"It's not about the fanfare, and it's not about people cheering in the stadium. It's not about going down the street and everybody giving me a 'thata boy, Bruce' pat on the back, ok? This is about your life."
Caitlyn Jenner made headlines worldwide when she posed for the cover of the July 2015 issue of Vanity Fair as the woman she says she's always been meant to be.
And the response was astounding.
Just last week, the 65-year-old Olympic gold medalist was honored with the Arthur Ashe Courage Award at the ESPYS, where she delivered a speech that spoke to the trans community as well as to the entire world.
The star of E!'s new docu-series, "I Am Cait," has not only created conversation; she's pioneered a new generation of thought – one that will hopefully help people young and old who find themselves in similar situations to find the courage they need to live their truths.
And although Caitlyn was not the first or only transgender person of prominence to come out publicly, her story has arguably made the biggest impact, highlighting big changes to come.
Fellow supporters and leaders in the shift from transgender exile to embrace include "Orange Is The New Black" actress Laverne Cox, the cast and crew of Amazon's "Transparent," Miley Cyrus and producers of several of the country's biggest television networks.

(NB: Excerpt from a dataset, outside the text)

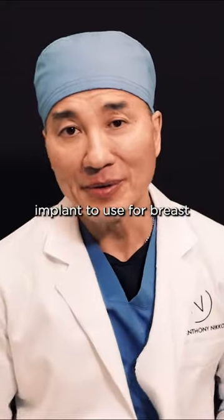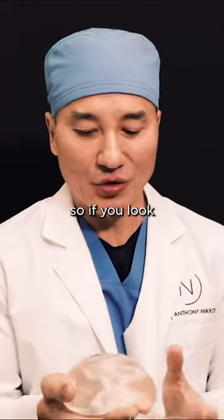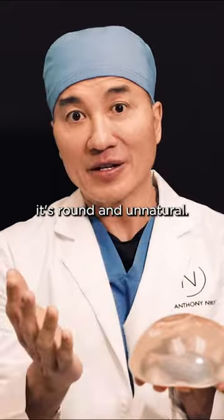My favorite implant to use for breast augmentation is the ultra high implant. If you look at the ultra high, you can see how full it is — but you would think it looks round and unnatural.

Last month, Miley kicked off a campaign to help promote her Happy Hippie Foundation, which she created in the hopes of bringing awareness to kids and teens in vulnerable positions, including members of the LGBT community. The "We Can't Stop" singer teamed up with Instagram to encourage transgender people to embrace their identity via the picture-sharing platform using the hashtag #InstaPride.
These very public pleads for and showings of support have already had a positive affect on the trans community.

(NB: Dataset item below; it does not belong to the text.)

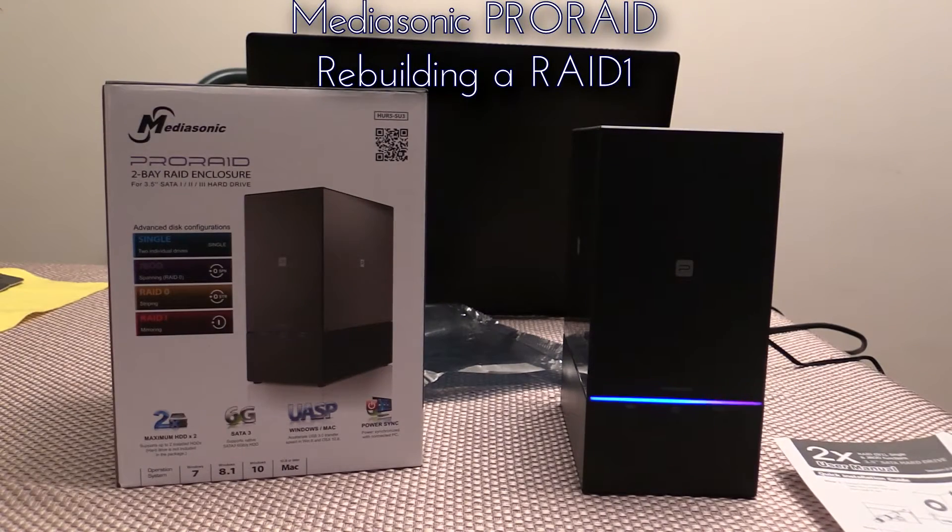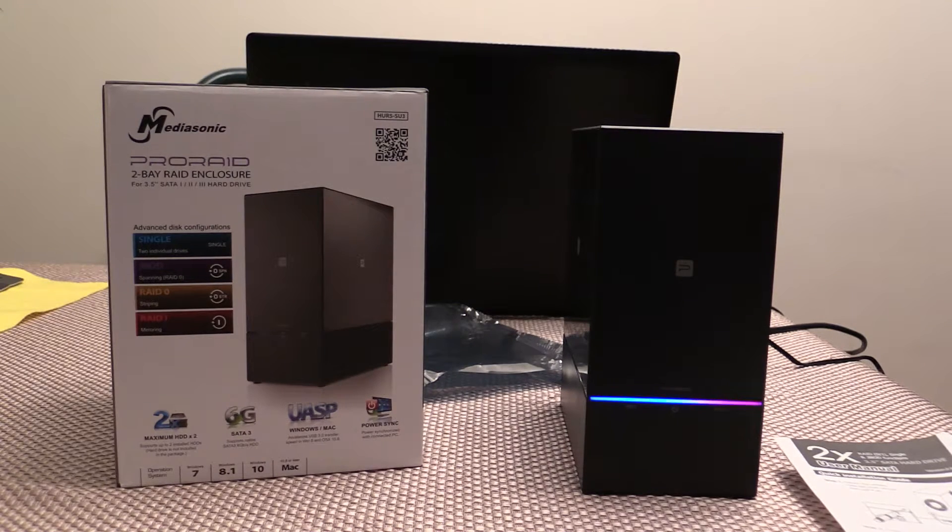Afternoon. Just putting a quick little video together on the Mediasonic Pro RAID. It's a two-bay RAID enclosure and I had it configured in a RAID 1. I had one of the drives go on it, so I picked up a new drive. I actually chose the same manufacturer and same size.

Pivot's latest episode of "Secret Lives of Americans" -- airing tonight -- spotlights Cayes Jarda, a 30-year-old Connecticut native who transitioned from female to male. He tells toofab's Bernie Zilio that it was Caitlyn who helped his mother fully come to terms with his transition.
“For my mom, it was watching the Caitlyn Jenner interview when it first came out,” Cayes explained. “She sent me a text message and it was words that I had needed to hear my whole life. It was basically like 'I love you, I'm sorry' and just admitting that [she and my dad] hadn't been supportive.”

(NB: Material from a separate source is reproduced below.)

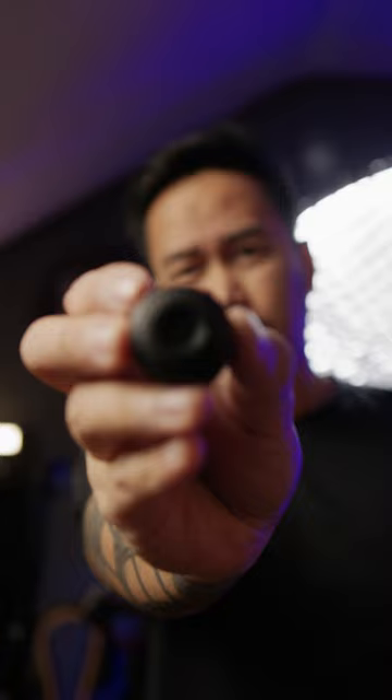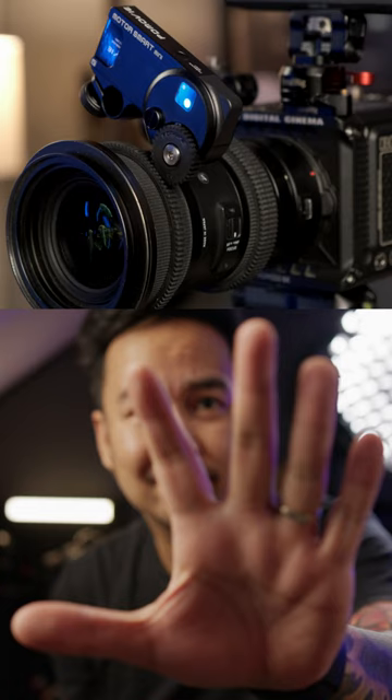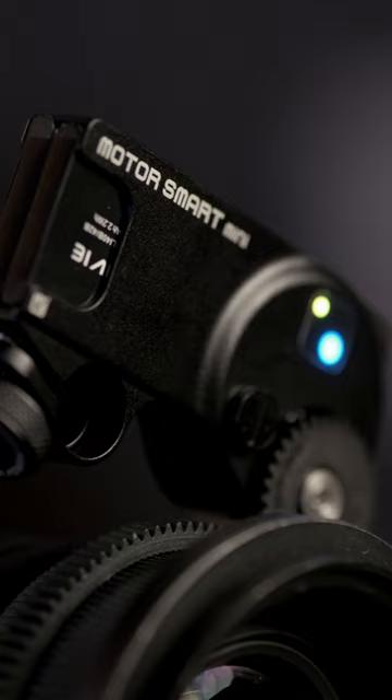You can also use the included wireless controller to manually focus your lenses. You can easily calibrate up to 5 lenses in under a minute. If you want to know more about the PDMovie Live Air 3 Smart, make sure you check out the full review on my YouTube channel coming very soon.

Pivot's documentary-type show allows the subjects to film themselves as they reveal secrets they've kept hidden from their friends and family for years. Cayes will share his secret with his co-workers ... a risky move considering most states offer no legal protections in housing, employment or healthcare for transgender people.
“[I chose to do this show] because of the story that I read on Facebook about Leelah Alcorn, the trans teen that committed suicide,” Cayes added. “She stepped in front of a semi-truck. It's just so heartbreaking to have been pushed that far, you know?”
"It's hard to explain,” Cayes continued. “I don't know why I am the way I am. I don't know why I want to look this way – I just know it. It's just like how do straight people know they're straight? I just don't know why I always have to explain myself. I'm still who I am."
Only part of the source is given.